What you are asked to do → In the records below, find the line that holds "Fynch Hatton Veste". Restate it and every later line exactly, stopping at the end and skipping pictures.

Data supplied →
+++++

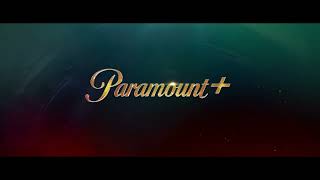 Paramount Logo The Tigers Apprentice Variant [upl. by Kcirdez374]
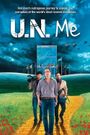 U.N. Me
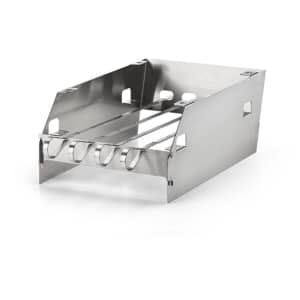 Napoleon Windshield Sizzle Zone - 2 Tile 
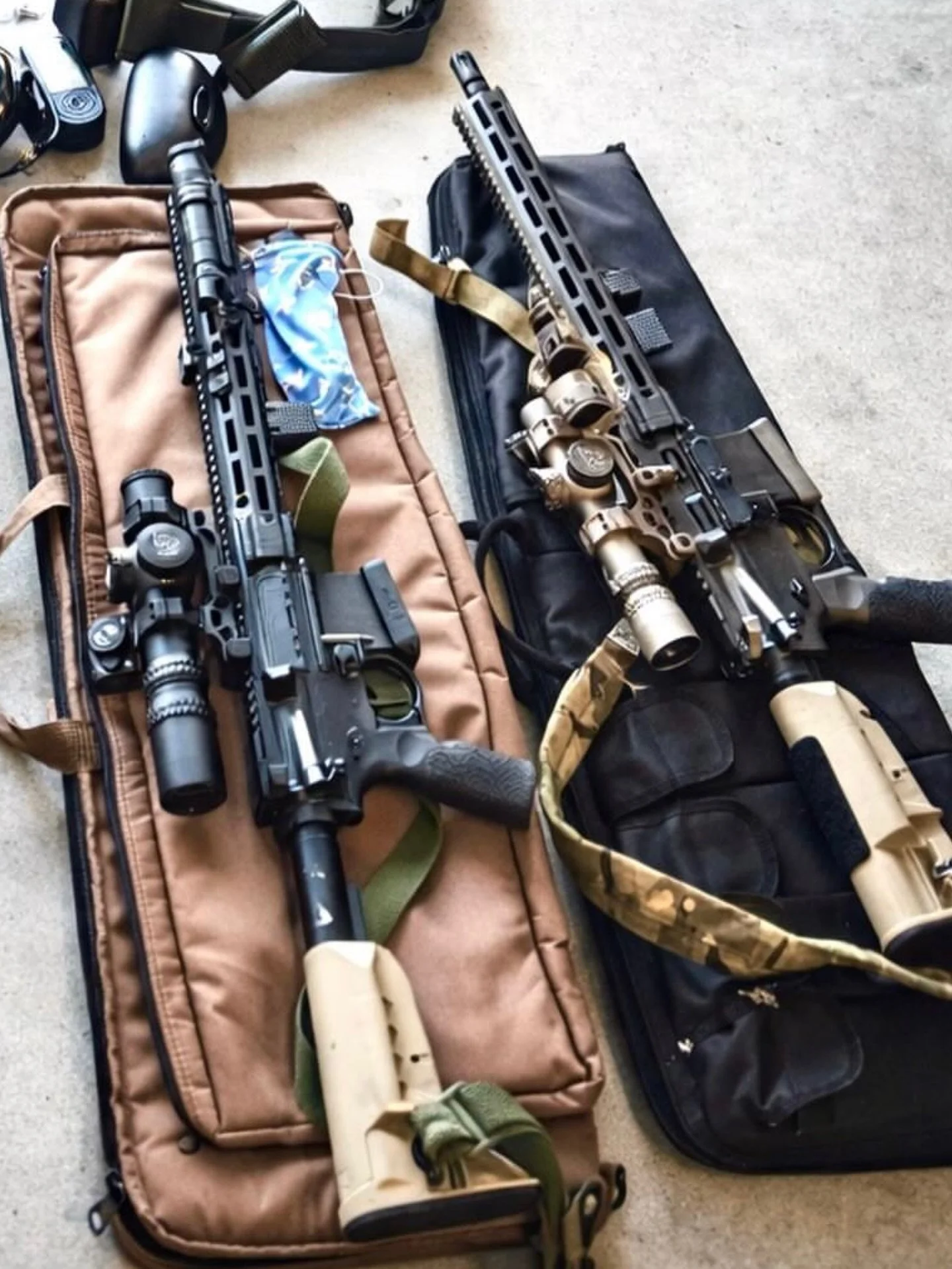 Happening THIS Saturday: 
🔥Defensive Carbine Clinic
📍 Raleigh, NC Area

This 5-hour clinic is for shooters looking to sharpen carbine handling and improve CQB performance through structured, pressure-based drills focused on speed, control, and acco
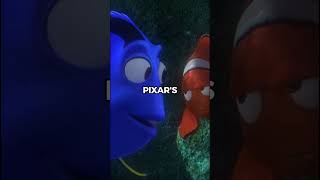 Did you know? Finding Nemo Was Too Realistic—Pixar Had to Change It!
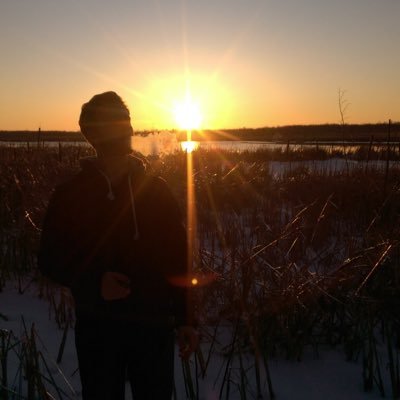 Profile Picture of Dylan Lackey (@dylanlackey11) on Twitter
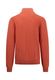 Fynch Hatton Veste en tricot de coton  - rouge (361)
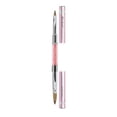 thumbnail image 1 of Pink Premier Nail Brush 8 OR/-4 OR (3D), 1 of 1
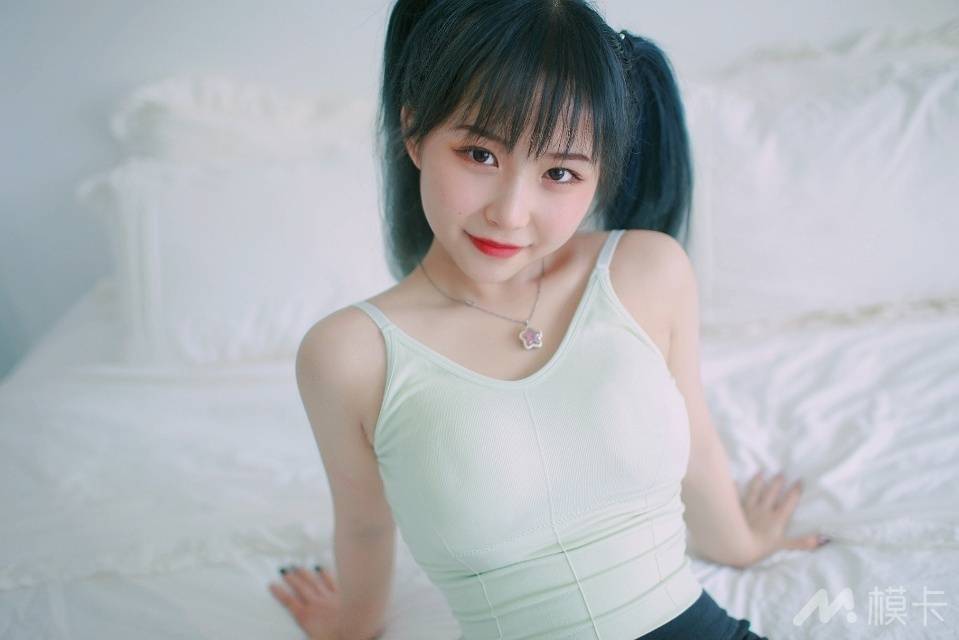 作品图片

+++++

Response to this exercise →
 Fynch Hatton Veste en tricot de coton  - rouge (361)
 thumbnail image 1 of Pink Premier Nail Brush 8 OR/-4 OR (3D), 1 of 1
 作品图片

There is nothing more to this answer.